Peacemaker glowing blue right before Wynonna kills Willa further proves that the gun is more sentient than previously thought. It has a connection that Emily Andras, the showrunner, says will be explored in the next season. “I think it raises more interest in question about how does Peacemaker decide what color to glow.  Why does it have these different settings?  How aware is it of the intent of the wielder?  Does it know what’s in Wynonna’s heart and what does that mean?  Particularly going forward, what does that mean for Wynonna’s relationship with the gun, with her job as the heir?”

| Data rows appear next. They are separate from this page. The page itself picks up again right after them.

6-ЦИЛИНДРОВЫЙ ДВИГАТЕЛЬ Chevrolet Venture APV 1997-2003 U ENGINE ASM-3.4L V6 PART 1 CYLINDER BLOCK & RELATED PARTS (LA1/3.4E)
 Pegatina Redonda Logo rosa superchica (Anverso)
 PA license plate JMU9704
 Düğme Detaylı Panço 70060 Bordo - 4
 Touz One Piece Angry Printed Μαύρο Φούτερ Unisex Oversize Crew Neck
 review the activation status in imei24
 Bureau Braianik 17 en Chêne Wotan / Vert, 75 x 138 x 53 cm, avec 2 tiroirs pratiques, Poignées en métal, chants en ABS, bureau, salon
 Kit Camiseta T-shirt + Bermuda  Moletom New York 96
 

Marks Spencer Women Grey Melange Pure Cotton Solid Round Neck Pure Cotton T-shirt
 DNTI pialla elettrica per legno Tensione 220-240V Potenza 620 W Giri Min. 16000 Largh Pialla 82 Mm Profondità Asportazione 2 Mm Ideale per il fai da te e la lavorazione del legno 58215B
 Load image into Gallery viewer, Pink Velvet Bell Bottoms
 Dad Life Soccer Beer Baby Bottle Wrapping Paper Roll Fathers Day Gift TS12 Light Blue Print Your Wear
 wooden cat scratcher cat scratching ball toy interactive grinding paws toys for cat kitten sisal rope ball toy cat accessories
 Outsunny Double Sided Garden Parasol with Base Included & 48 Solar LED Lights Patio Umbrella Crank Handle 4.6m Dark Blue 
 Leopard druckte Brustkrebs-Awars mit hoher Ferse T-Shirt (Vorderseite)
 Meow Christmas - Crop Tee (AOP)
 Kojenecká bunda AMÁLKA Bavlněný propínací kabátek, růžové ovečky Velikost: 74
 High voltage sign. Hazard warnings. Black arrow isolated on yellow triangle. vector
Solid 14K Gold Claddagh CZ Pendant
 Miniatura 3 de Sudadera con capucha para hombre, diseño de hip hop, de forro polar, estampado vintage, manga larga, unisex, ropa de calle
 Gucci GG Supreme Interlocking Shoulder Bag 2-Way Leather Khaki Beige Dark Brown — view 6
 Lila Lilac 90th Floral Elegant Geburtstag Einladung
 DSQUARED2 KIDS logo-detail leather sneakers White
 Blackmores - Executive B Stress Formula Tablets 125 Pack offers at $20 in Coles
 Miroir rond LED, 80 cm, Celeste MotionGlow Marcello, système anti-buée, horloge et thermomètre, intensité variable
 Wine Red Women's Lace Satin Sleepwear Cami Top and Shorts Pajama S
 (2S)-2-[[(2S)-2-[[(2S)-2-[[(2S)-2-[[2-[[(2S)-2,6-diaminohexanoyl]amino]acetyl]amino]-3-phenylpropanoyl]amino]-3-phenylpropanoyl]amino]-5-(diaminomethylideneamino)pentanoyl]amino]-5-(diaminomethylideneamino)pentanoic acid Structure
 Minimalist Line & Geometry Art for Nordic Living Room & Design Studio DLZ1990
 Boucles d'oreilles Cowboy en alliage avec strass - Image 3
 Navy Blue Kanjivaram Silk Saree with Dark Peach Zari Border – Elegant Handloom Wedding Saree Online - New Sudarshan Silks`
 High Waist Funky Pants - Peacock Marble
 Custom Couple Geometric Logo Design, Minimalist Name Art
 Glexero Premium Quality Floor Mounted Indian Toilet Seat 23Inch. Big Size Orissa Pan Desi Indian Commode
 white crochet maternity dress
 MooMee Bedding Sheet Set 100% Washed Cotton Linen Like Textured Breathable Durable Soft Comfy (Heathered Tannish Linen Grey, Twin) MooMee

Emily continues by saying, “I love the effects on the gun when Wynonna gets to shoot Willa.  I think it’s absolutely beautiful.  As we’ve seen in the past, when Wynonna goes to take down a revenant or a demon, it glows orange and we have these satanic runes on the barrel.  When Wynonna goes to shoot Willa, it grew — it glows a beautiful frosty blue and kind of this gorgeous filigree that travels up the barrel.  The gun even makes a different sound.  I think this is a mystery we want to explore with Peacemaker going into the next season but I think it has everything to do with the fact that Wynonna is willingly putting down a human and it’s kind of mercy killing.”

Wynonna is doing something good, hard, and different by killing her sister Willa, and the gun recognized it.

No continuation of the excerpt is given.